Supplied records.

+ + +

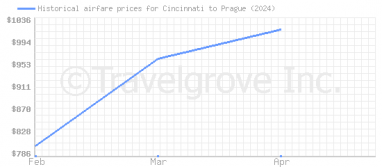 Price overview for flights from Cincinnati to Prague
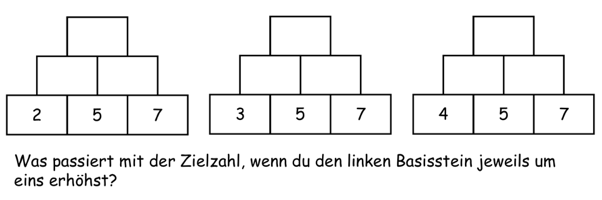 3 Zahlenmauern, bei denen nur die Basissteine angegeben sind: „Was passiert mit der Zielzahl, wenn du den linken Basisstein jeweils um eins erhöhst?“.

+ + +

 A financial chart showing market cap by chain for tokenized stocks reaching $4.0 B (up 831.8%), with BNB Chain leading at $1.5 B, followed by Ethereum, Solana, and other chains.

+ + +

Work instruction.
Copy word for word only the lines above from the one with "Price overview for" through the one with "3 Zahlenmauern, bei". Leave pictures out.

Finished task.
 Price overview for flights from Cincinnati to Prague
 3 Zahlenmauern, bei denen nur die Basissteine angegeben sind: „Was passiert mit der Zielzahl, wenn du den linken Basisstein jeweils um eins erhöhst?“.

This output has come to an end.